Material to process |
*** Block opens ***

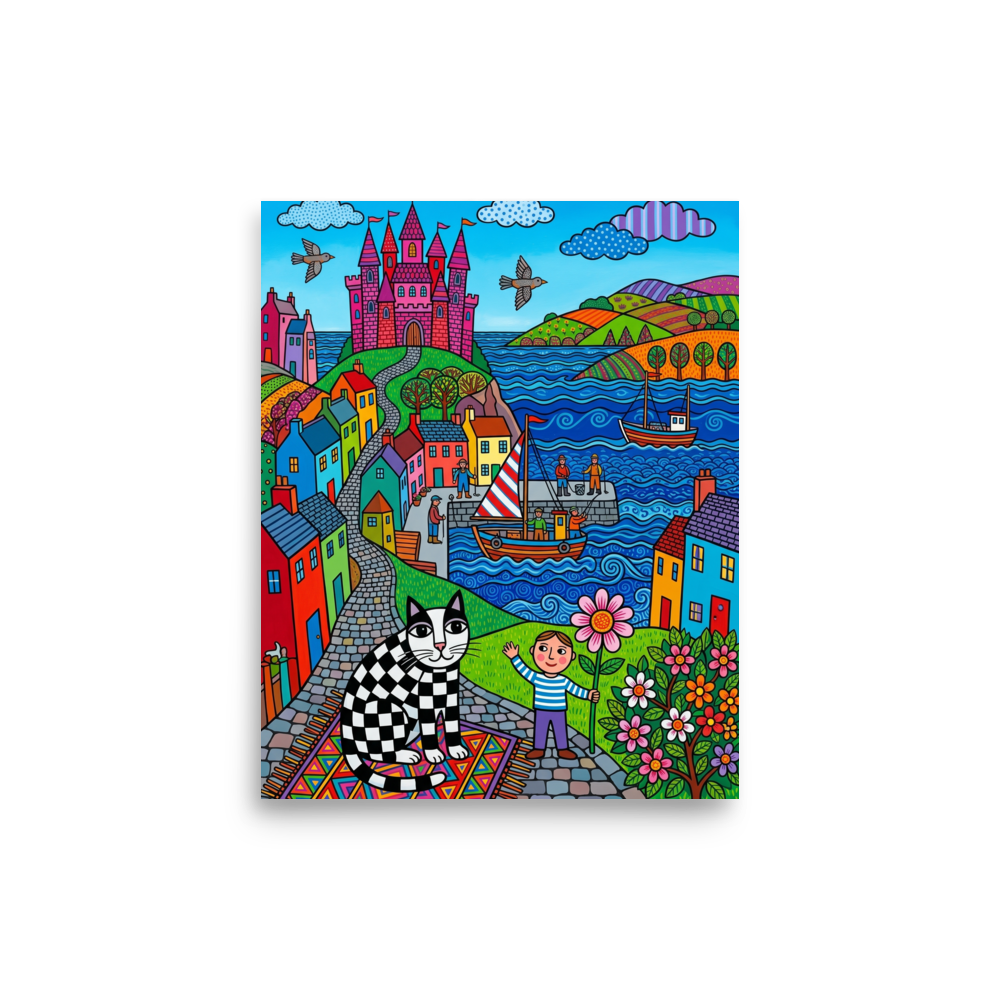 'Checkered Cat's Castle Dream' — a Naive art print. A colorful naive art scene featuring a black and white checkered cat sitting on a patterned rug in a playroom, with a seaside village and pink castle in the background.
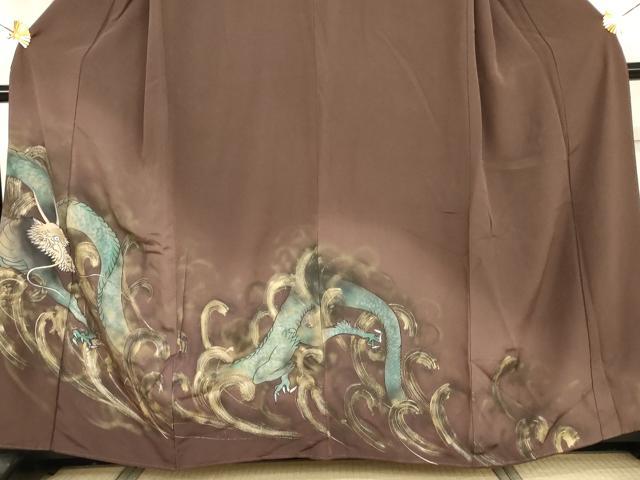 平和屋着物●訪問着　手描き　龍　暈し染め　金彩　正絹　逸品　AABH7181cs 平和屋着物○訪問着 手描き 龍 暈し染め 金彩 正絹 逸品 AABH7181cs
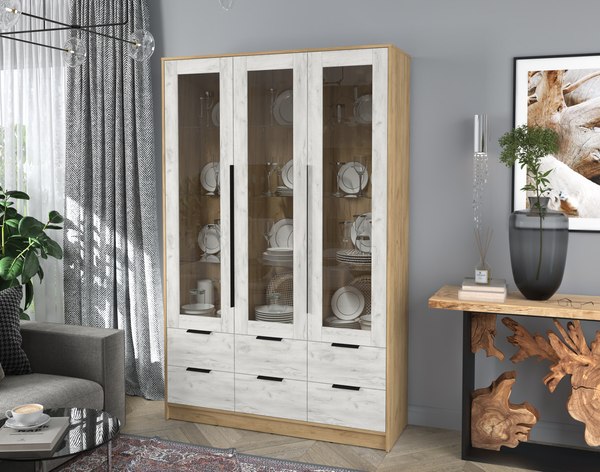 Шкаф с витриной Интерлиния Концепт КТ-ШВ3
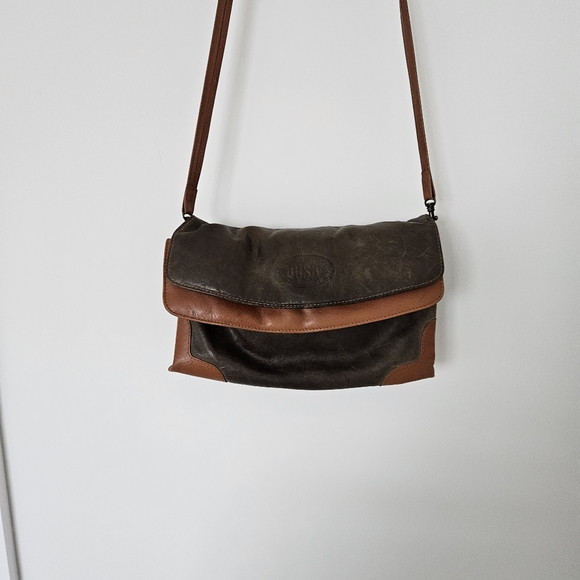 BUSH The Australian Collection Brown And Tan Kangaroo Leather Crossover Boho Bag - Picture 2 of 15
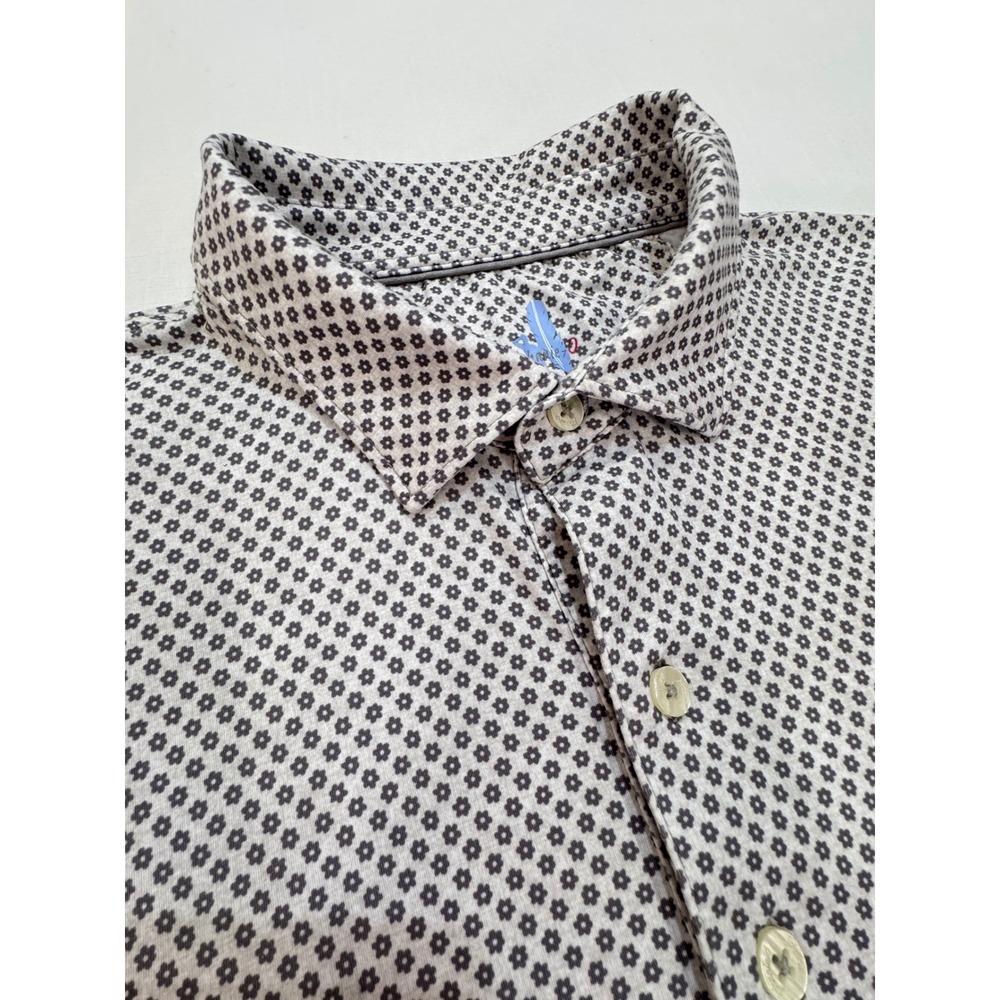 Johnnie-O Tegan Featherweight Polo Shirt Gray Floral JMPO5300 Mens XL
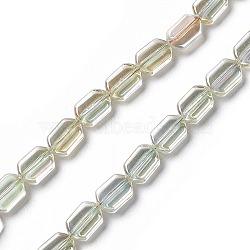Electroplate Glass Beads Strands, Half Rainbow Plated, Rectangle, Honeydew, 9.5x6~6.5x3.5mm, Hole: 1mm, about 68pcs/strand, 25.59''(65cm)(EGLA-L042-HR03)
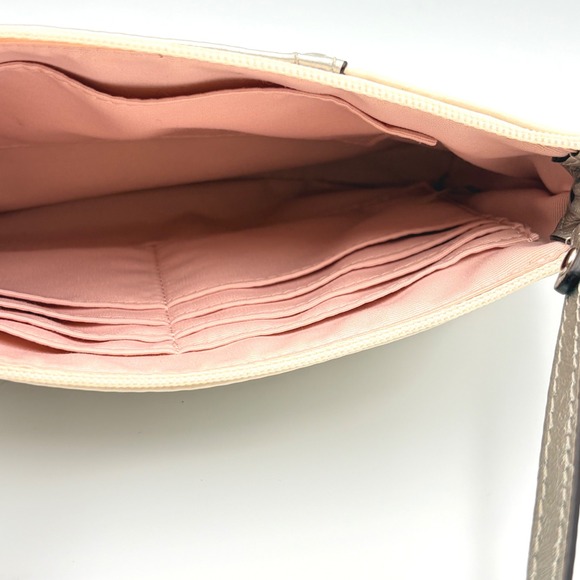 Coach Ivory Pearl Leather Wristlet Small Mini Bag Silver Metallic Trim Pleated - Picture 7 of 9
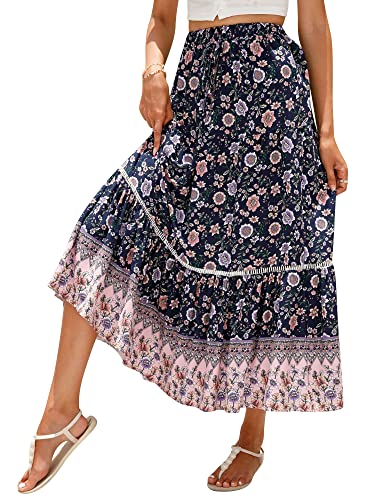 Ezcosplay Women Long Skirts Boho Floral Elastic High Waist Flowy Beach A Line Maxi Skirt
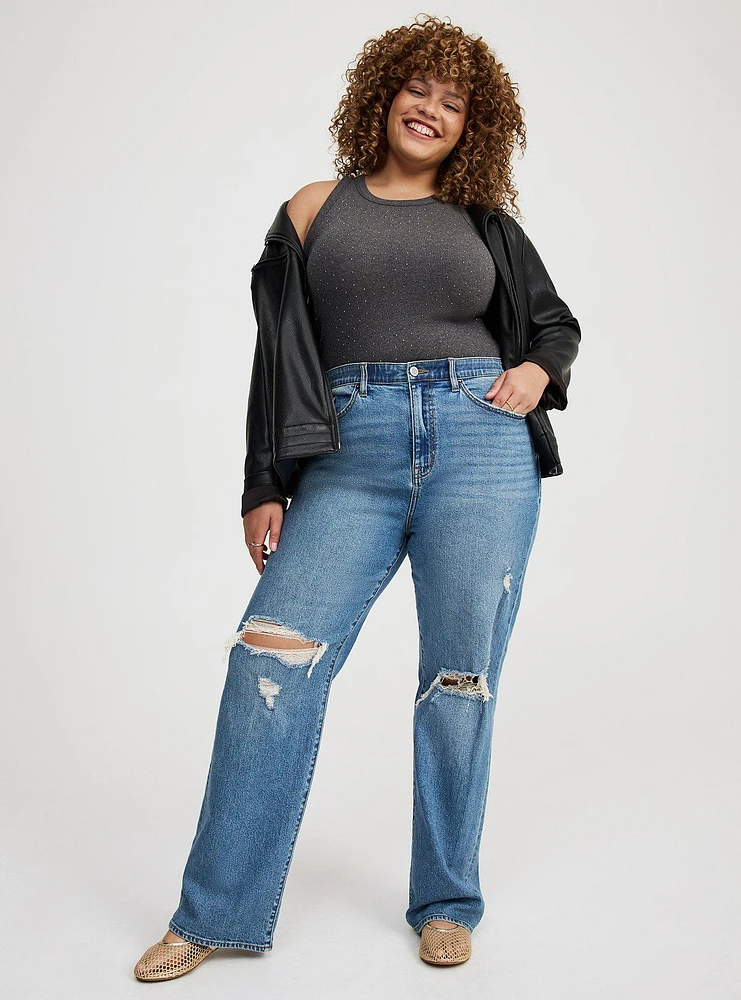 Embroidered High-Neck Rib Tank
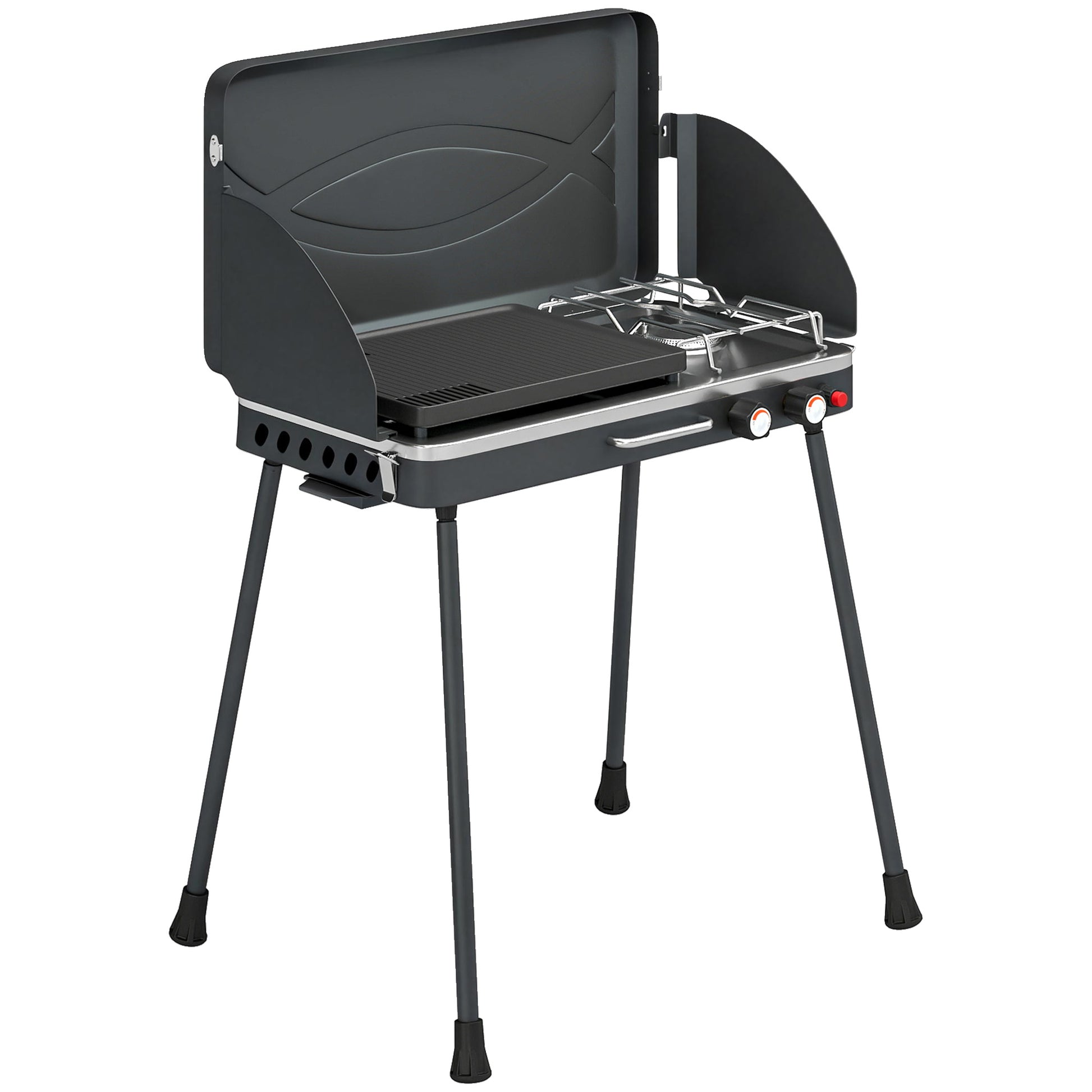 Outsunny Barbacoa De Gas Portátil 2 En 1 7 Kw Con Patas Desmontables_0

*** Block closes ***

Task prompt |
The records must come back exactly, with their pictures removed.

Response to the task |
 'Checkered Cat's Castle Dream' — a Naive art print. A colorful naive art scene featuring a black and white checkered cat sitting on a patterned rug in a playroom, with a seaside village and pink castle in the background.
 平和屋着物●訪問着　手描き　龍　暈し染め　金彩　正絹　逸品　AABH7181cs 平和屋着物○訪問着 手描き 龍 暈し染め 金彩 正絹 逸品 AABH7181cs
 Шкаф с витриной Интерлиния Концепт КТ-ШВ3
 BUSH The Australian Collection Brown And Tan Kangaroo Leather Crossover Boho Bag - Picture 2 of 15
 Johnnie-O Tegan Featherweight Polo Shirt Gray Floral JMPO5300 Mens XL
Electroplate Glass Beads Strands, Half Rainbow Plated, Rectangle, Honeydew, 9.5x6~6.5x3.5mm, Hole: 1mm, about 68pcs/strand, 25.59''(65cm)(EGLA-L042-HR03)
 Coach Ivory Pearl Leather Wristlet Small Mini Bag Silver Metallic Trim Pleated - Picture 7 of 9
 Ezcosplay Women Long Skirts Boho Floral Elastic High Waist Flowy Beach A Line Maxi Skirt
 Embroidered High-Neck Rib Tank
 Outsunny Barbacoa De Gas Portátil 2 En 1 7 Kw Con Patas Desmontables_0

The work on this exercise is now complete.